Il cantiere del palazzetto di Cantù, fermo (Cusa)
Cantù (Como) 22 ottobre 2014 - La diaspora della Pallacanestro Cantù è destinata a non avere fine. Sono trent’anni che la seconda squadra più titolata d’Europa dopo il Real Madrid è in attesa di un Palasport dove poter giocare di fronte al proprio pubblico, un sogno infranto due volte: la prima nella metà degli ’80, quando il Comune s’imbarco nell’avventura del Palababele, così soprannominato perché l’architetto Gregotti lo immaginò come un gigantesco Ziggurat nella piana della Brianza. Iniziato e mai portato a termine il palazzetto divenne un monumento allo spreco: troppo grande e soprattutto troppo costoso, diciotto miliardi di vecchie lire, sette dei quali concessi dal Coni, negli anni in cui in Italia la febbre dei Mondiali del ’90 era ancora alta. Abbattuto nel 2010 per essere costruito di nuovo, più moderno e maestoso di prima, questa volta dalla Lega Nord che sulla grande opera aveva scommesso il proprio successo alle amministrative, il palazzetto di Corso Europa è crollato di nuovo, schiacciato dalla crisi che ha reso insostenibile quell’immensa cattedrale da oltre 56 milioni di euro. Un sogno per i tifosi destinato a rimanere bello solo sulla carta, con i suoi 7.300 posti a sedere più una multisala per 1200 spettatori, una piscina al coperto con palestra e una cinquantina tra ristoranti, bar e negozi da realizzare nel compendio.

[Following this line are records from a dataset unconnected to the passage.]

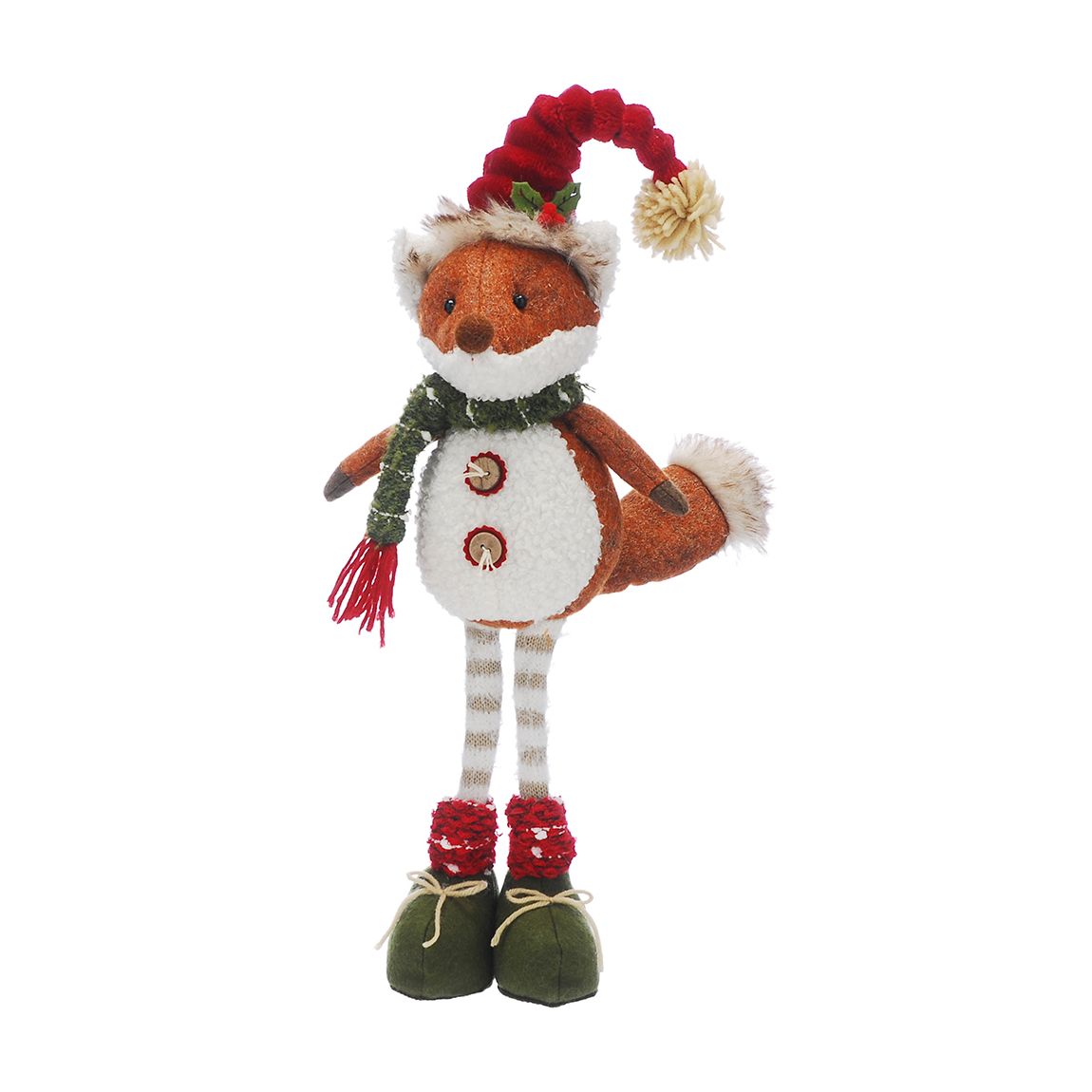 Standing Fox With Hat Scarf, 61cm main product photo
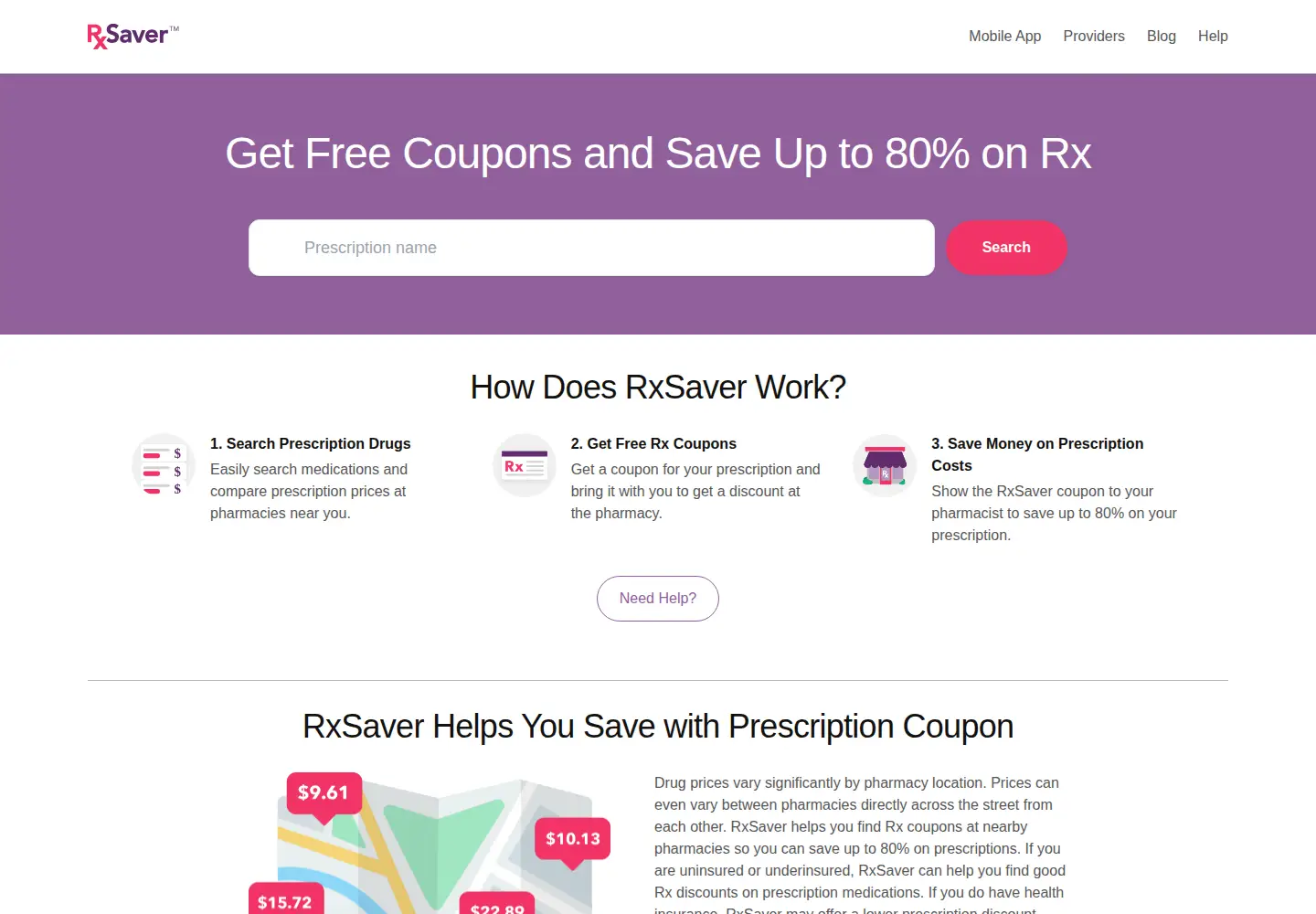 Screenshot of rxsaver.com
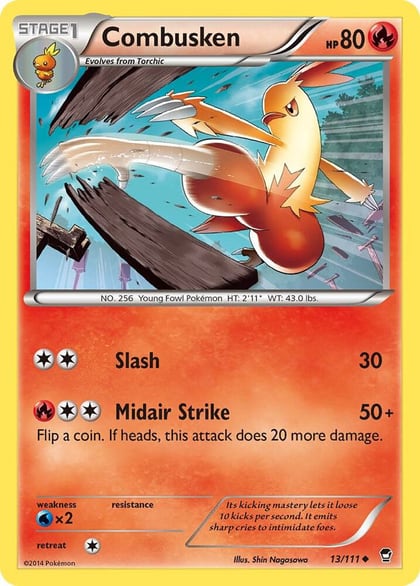 Combusken, XY - Furious Fists 13/111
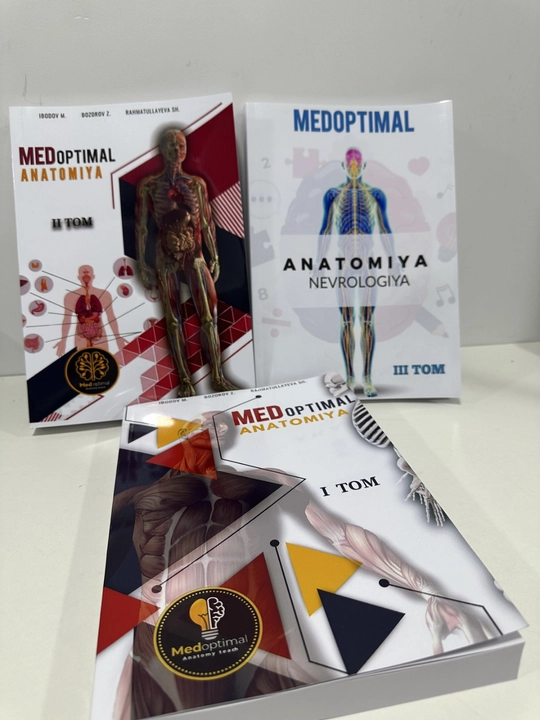 Tibbiyot kitobi, MEDoptimal anatomiya, tibbiyot talabalari uchun darslik, qo‘llanma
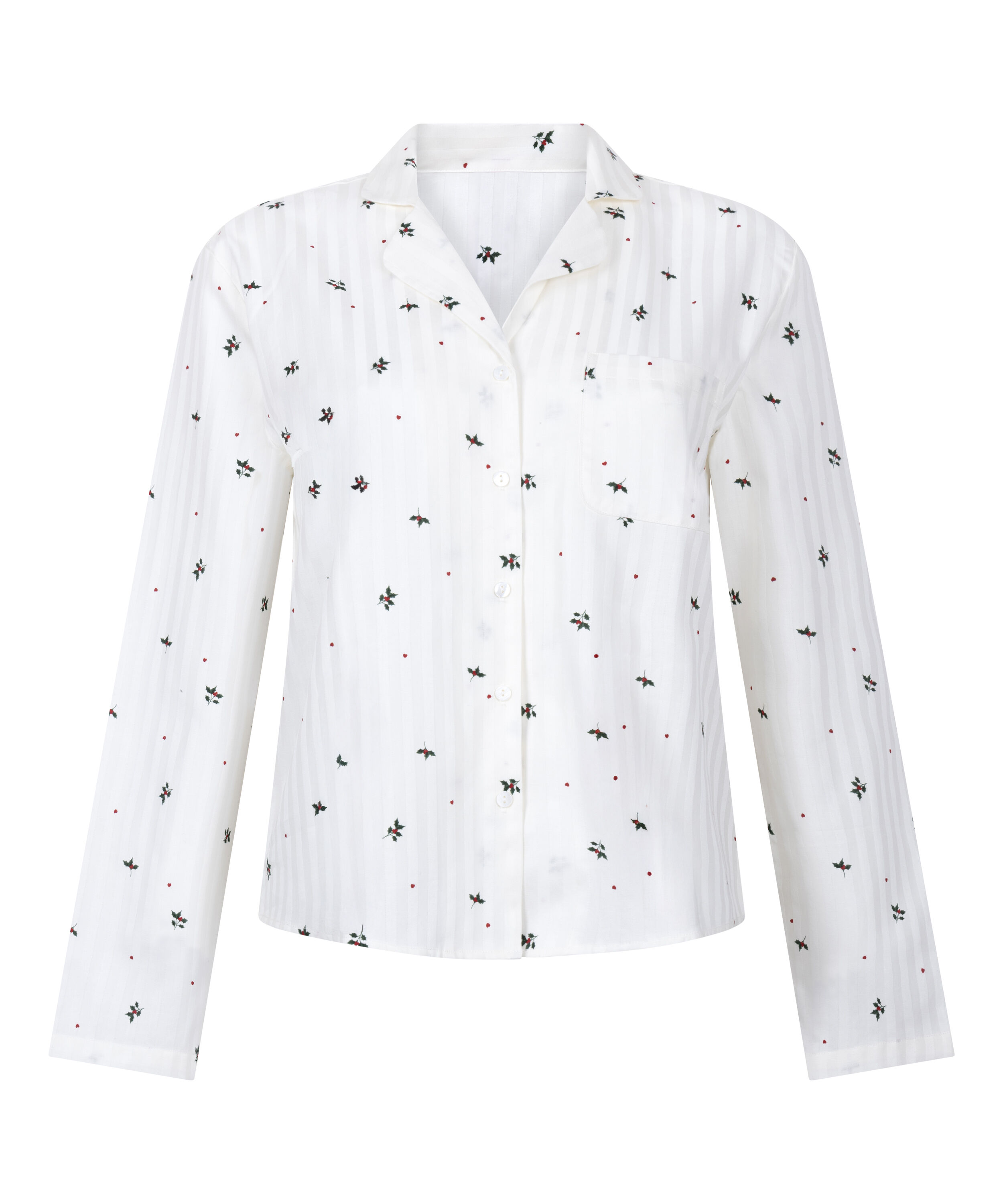 Jacquard Jacket Longsleeve, White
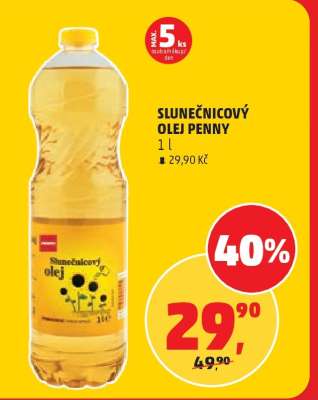 SLUNEČNICOVÝ OLEJ PENNY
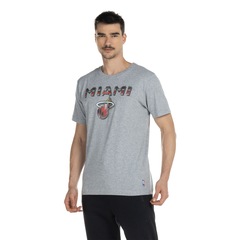 Camiseta Miami Heat Manga Curta NBA - Masculina - Foto 2
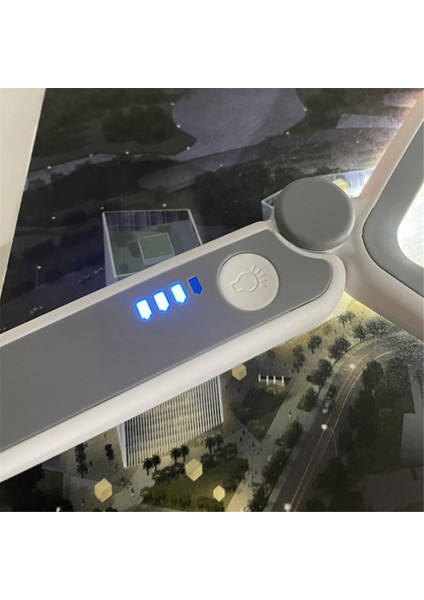Yakın Çalışma Için Işıklandırılmış Büyüteç Okuma 3.5x Katlanır El LED Aydınlatılmış Dikdörtgen Büyüt (Yurt Dışından) modelleri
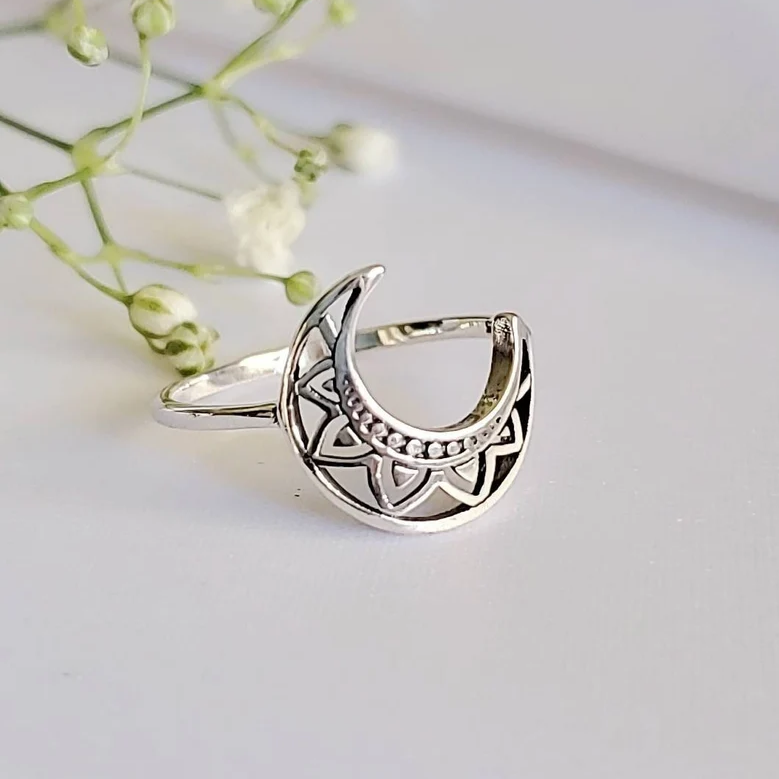 Moon Silver Ring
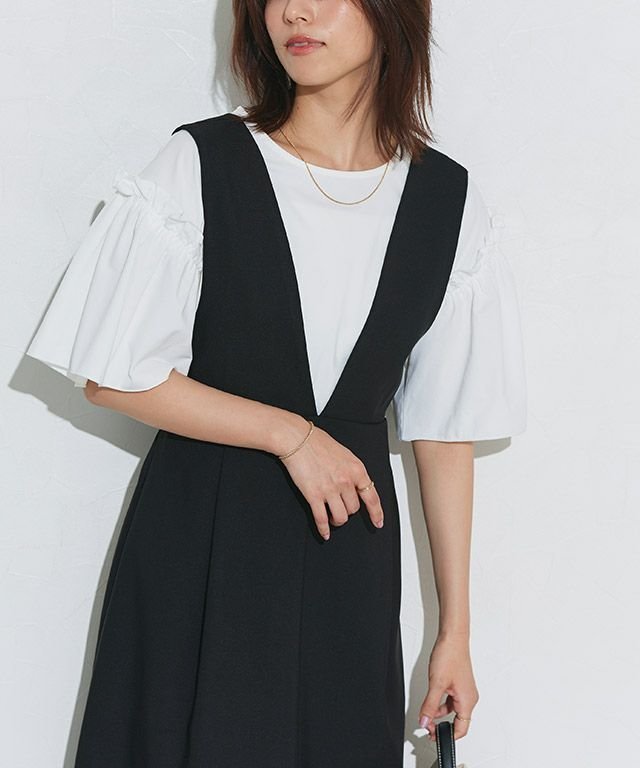 【ピエロ/Pierrot】のドライタッチフリルギャザースリーブTシャツ インテリア・キッズ・メンズ・レディースファッション・服の通販 founy(ファニー) 　ファッション　Fashion　レディースファッション　Fashion for Women　トップス・カットソー　Cut & Sew Tops　シャツ・ブラウス・オフィスカジュアル　Elegant Blouses & Button-Ups　ロングTシャツ・Tシャツ　Longline T-Shirts & Tees　ギャザー　Gathered, Ruffled　フリル　Frill, Ruffle　フレア　Flare, Flared　プチプライス・低価格　Affordable / Budget Price　吸水　Absorbent, Quick-Dry　夏　Summer　167cm / オフホワイト / M|ID: prp329100004573267 ipo3291000000035495166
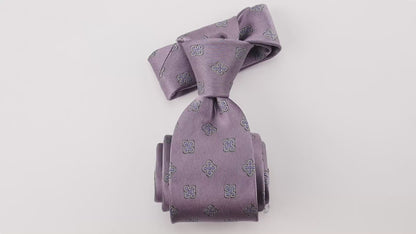Byzantine Cross Silk Necktie: Catholic Tie in Bloom or Sienna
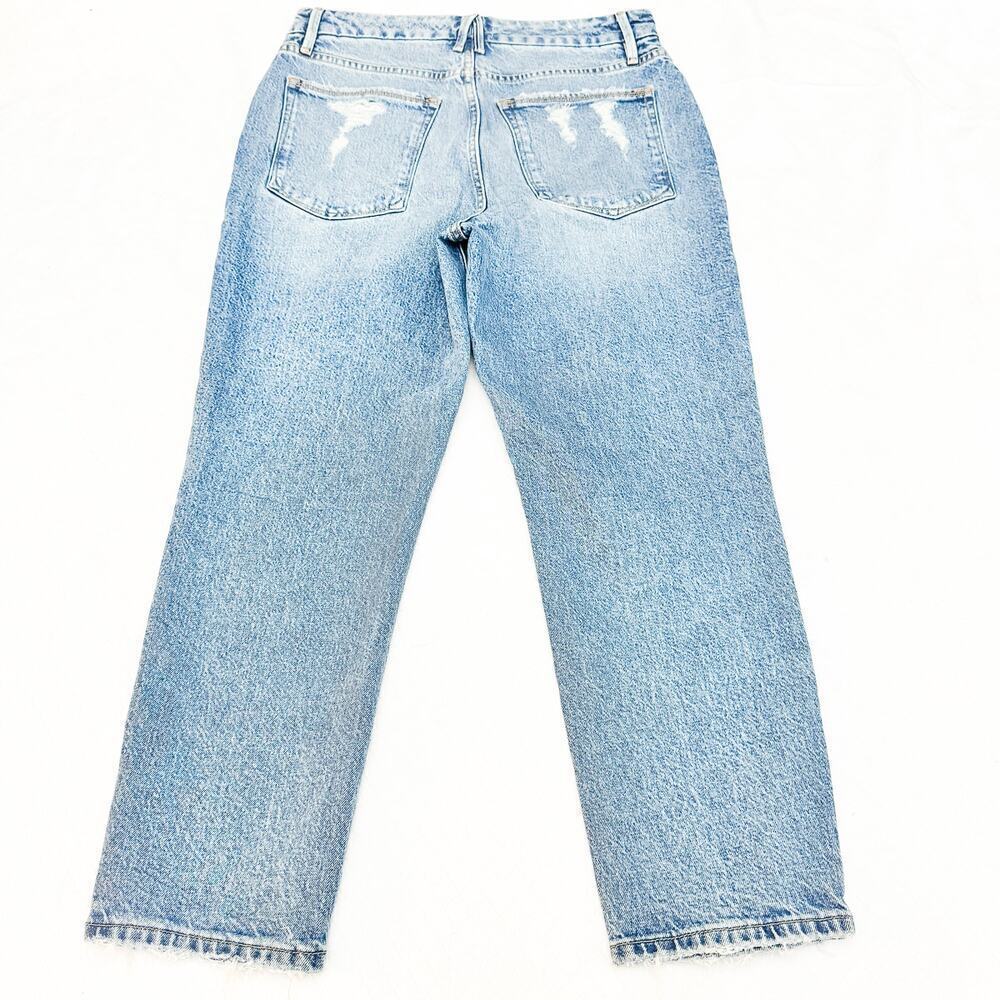 Good American Straight Leg Denim Jeans GGBDH602T Size 6 / 28 - Picture 3 of 8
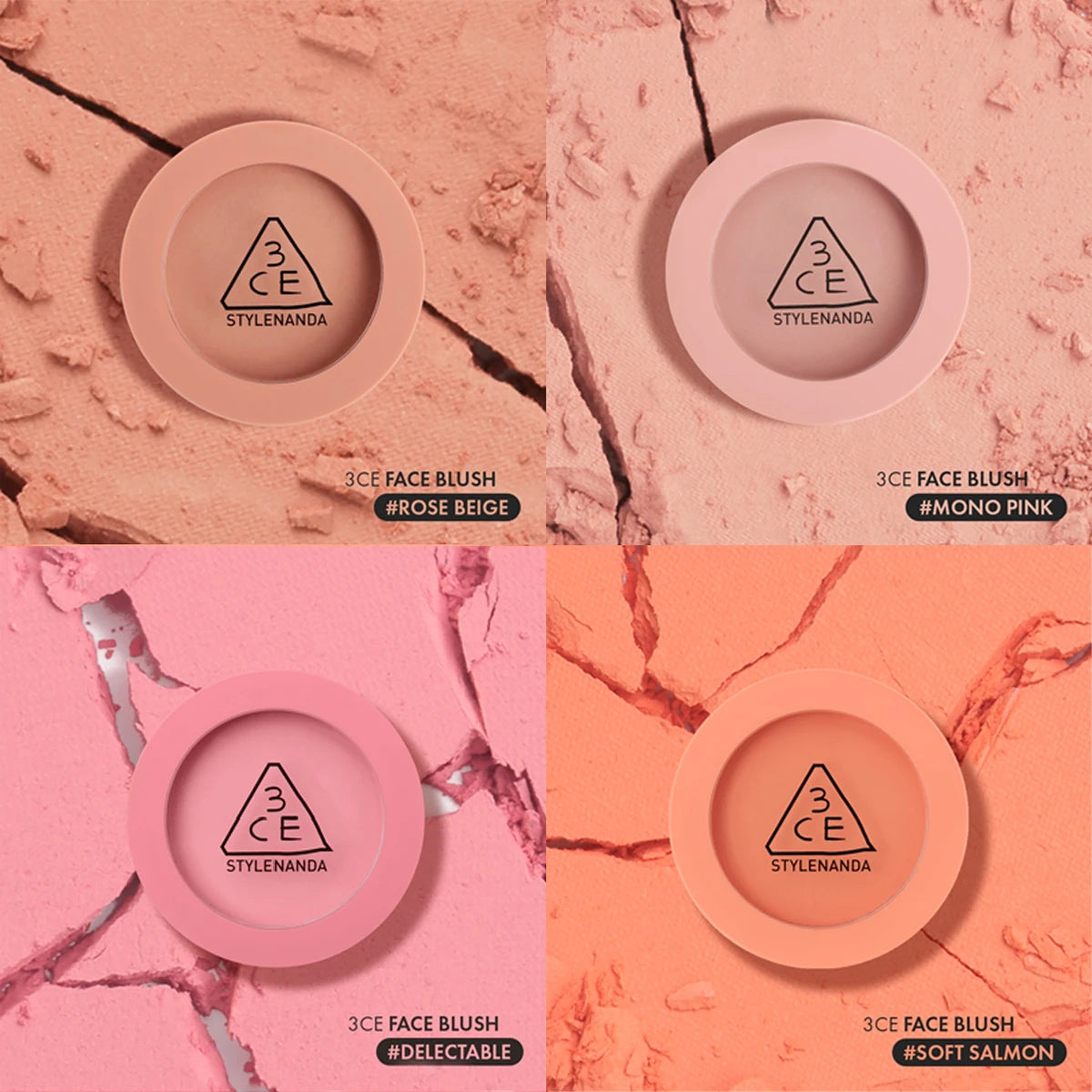 3CE Mood Recipe Face Blush,Silky Powder,Natural Color Payoff,Long-Lasting Wear,Complete Makeup,Korean Cosmetic,Korean Makeup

Il più grande cantiere aperto in Lombardia esclusa la Pedemontana. Realizzato grazie al project financing, ovvero grazie ai finanziamenti dei privati che per vent’anni avrebbero dovuto godere dei ricavi derivati dal suo funzionamento, il Palasport più bello di Lombardia si è scontrato con gli effetti devastanti della crisi. Che le cose non andassero bene lo si era capito da mesi, il termine originario di consegna dei lavori era infatti scaduto il 13 giugno del 2013, con il Comune che aveva concesso una proroga di altri 300 giorni alla ditta costruttrice, il Gruppo Turra di Cazzago San Martino, in provincia di Brescia. Quell’opera ciclopica ha trascinato nel baratro anche loro, da mesi il cantiere si era trasformato in un deserto senza neppure un operaio al lavoro, ad aprile quando la proroga era scaduta l’azienda era impegnata in un concordato preventivo e il Comune aveva deciso di aspettare. L’ultima speranza era affidata al subentro della Cmr Edile di Reggiolo, una cooperativa di oltre 400 persone con un fatturato di oltre 100 milioni di euro. A Cantù dove hanno più dimestichezza con il legno che con il cemento armato speravano nelle loro spalle per portare a termine l’opera, ma visti bene i conti anche gli emiliani hanno fatto un passo indietro. Così ieri al sindaco Claudio Bizzozero è toccato prendere la decisione più difficile: risolvere il contratto. Cantù rischia di ritrovarsi senza un palazzetto, un cantiere-mostro incompiuto e una serie infinita di ricorsi legali, penali da incassare e milioni di euro da restituire al Coni.